Dr. med. Talazoglu (MedUni Wien)
Auszug Lebenslauf
Seit 2015: Vizerektor für Finanzen an der
MedUni Wien
2007-2012: Unternehmensberater bei
McKinsey & Company
2000-2007: Projektleiter bei HP/Agilent Technologies/Philips Medical Systems
2001-2005: Nebenberufliches Wirtschaftsstudium (FH Wiener Neustadt)
1992-1998: Studium Humanmedizin
(MedUni Wien)
Herr Dr. Talazoglu, wie kam es dazu, dass Sie als Mediziner in die Wirtschaft gewechselt sind?
Im Prinzip ergab sich dieser Wechsel aus einer Zusammenkunft mehrerer Ereignisse. Zum einen war damals die Jobsituation für Ärzte eine andere und es war sehr schwierig als Jungmediziner die gewünschte Assistenzarztstelle zu bekommen. Zum anderen war ich sehr interessiert am Thema IT und zur Zeit der Jahrtausendwende war auch das Internet immer mehr am Aufkommen. So kam es dann dazu, dass ich nach dem Studium in die Healthcare-IT Branche gewechselt habe. Zeitgleich absolvierte ich dann nebenberuflich auch ein Wirtschaftsstudium und wurde so auf die Unternehmensberatungen aufmerksam. Ich wusste nach dem Abschluss meines Wirtschaftsstudiums nicht ganz genau in welchem Bereich ich mich in Zukunft weiterentwickeln möchte und daher erschien mir der Einstieg bei einer Unternehmensberatung als ideale Möglichkeit sozusagen im Schnellverfahren unterschiedlichste Unternehmen bzw. Unternehmensbereiche kennen zu lernen.
Wenn Sie Ihre jetzige Tätigkeit mit der Arbeit als Arzt vergleichen — welche Gemeinsamkeiten und Unterschiede gibt es?
Rein von der Herangehensweise her würde ich sagen, dass man die Arbeit als Unternehmensberater gut mit der Arbeit als Arzt vergleichen kann. Denn auch als Berater versucht man sich zuerst das Problem des Kunden anzusehen, zu analysieren und schließlich daraus eine „Diagnose“ und eine „Therapie“ abzuleiten. In meiner jetzigen Position als Vizerektor bin ich dahingehend etwas weiter vom Arztberuf entfernt, aber dennoch helfen mir auch hier meine medizinischen Kenntnisse. Beispielsweise kann ich im Rahmen der Budgetgespräche mit den Abteilungsleitern wertschätzend über die zeitliche und inhaltliche Priorisierung von Investitionen diskutieren bzw. Bedarfsplanungen plausibilisieren. Auch den Ärzten gegenüber fällt es aus meiner Sicht leichter mit Jemand zu sprechen, der nicht nur wirtschaftliche, sondern auch medizinische Kenntnisse hat und auch bei den Entscheidungen nicht nur finanzielle Aspekte berücksichtigt.
Ist aus Ihrer Sicht eine betriebswirtschaftliche Zusatzausbildung notwendig, um in der Industrie/Wirtschaft als Mediziner oder Medizinerin Fuß fassen zu können?

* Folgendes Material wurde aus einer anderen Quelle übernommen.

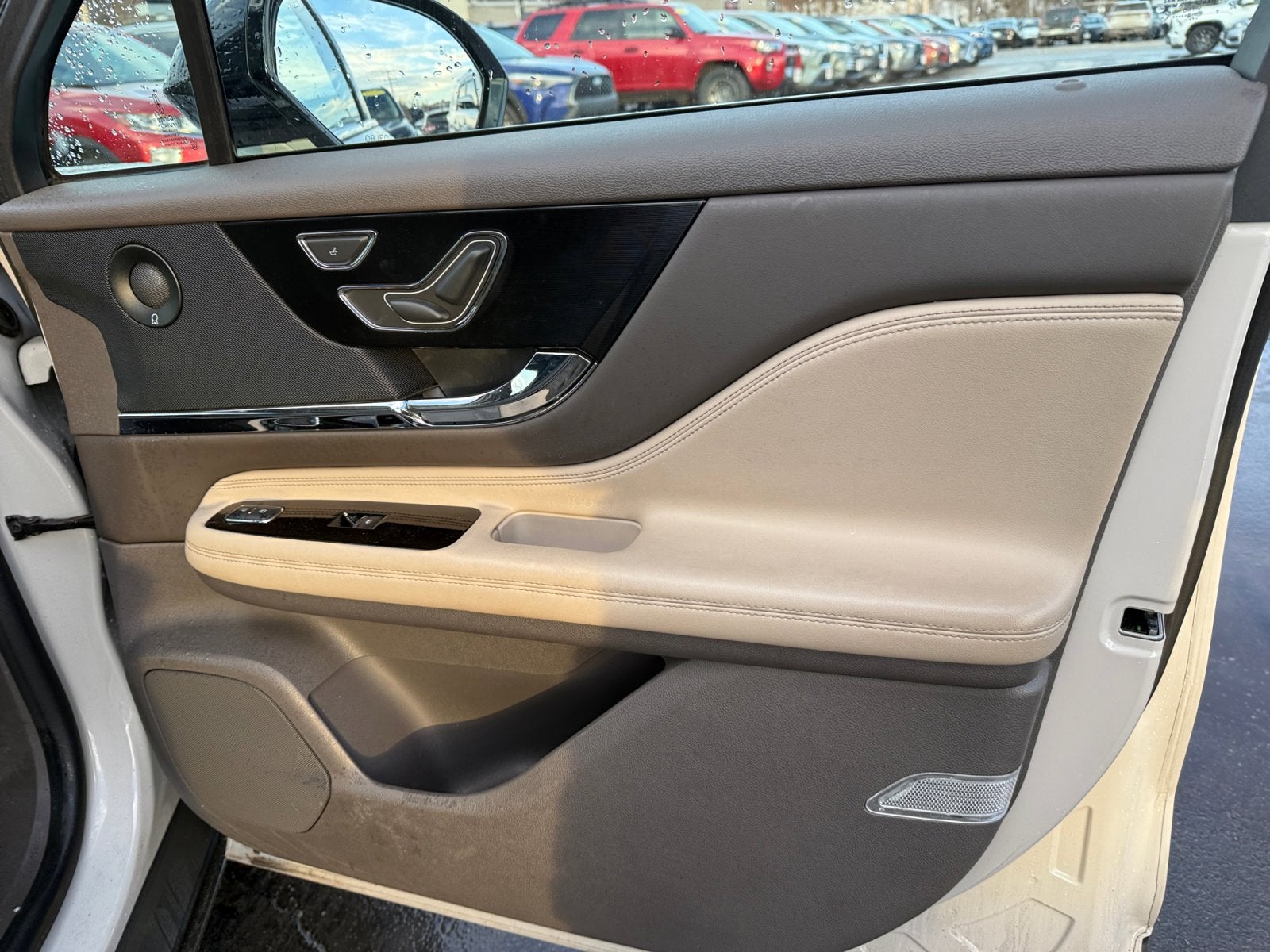 2020 Lincoln Corsair Reserve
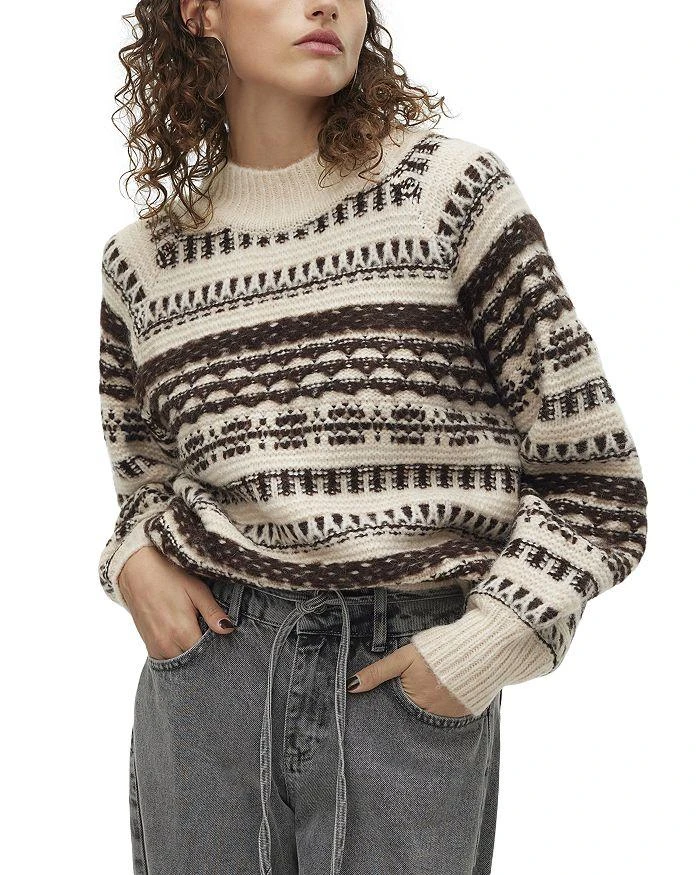 VERO MODA Henya High Neck Sweater 4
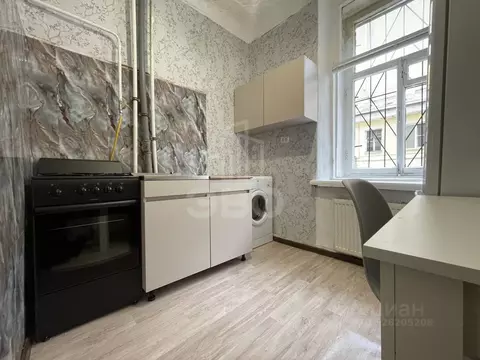 2-к кв. Санкт-Петербург Курляндская ул., 25Г (57.0 м)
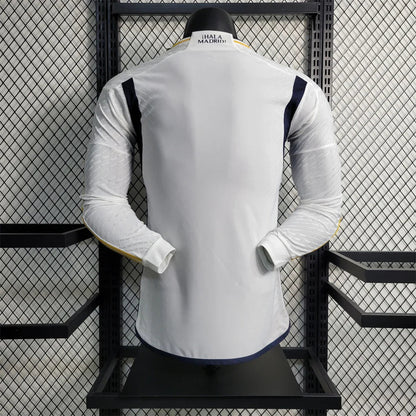Camiseta manga larga Real Madrid 23-24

Meiner Meinung nach ist für einen Mediziner bzw. eine Medizinerin eine betriebswirtschaftliche Zusatzausbildung nicht unbedingt notwendig, um außerhalb der Klinik Fuß fassen zu können. Viele Firmen insbesondere Unternehmensberatungen bieten die Möglichkeit so genannte Mini-MBAs zu absolvieren, in denen man in relativ kurzer Zeit ein wirtschaftliches Basis-Wissen vermittelt bekommt.
Was raten Sie Medizinern und Medizinerinnen, die über einen Einstieg in eine Unternehmensberatung nachdenken?
Grundsätzlich sollten sich die Mediziner und Medizinerinnen bewusst sein, dass sie sich im Studium nicht nur medizinisches Wissen angeeignet haben, sondern auch eine Art Handwerk gelernt haben, das viel breiter angewendet werden kann. Eine gewisse Anbindung zur Medizin ist gerade während des Einstiegs trotzdem nicht schlecht. Wichtig ist auch, dass man sich mit sich selbst beschäftigt und sich darüber Gedanken macht was einen überhaupt am meisten interessiert. Wenn man das weiß, dann kann man mit dem Medizinstudium im Prinzip alles erreichen und das Studium sehr gut als Handwerk auch in anderen Bereichen einsetzen.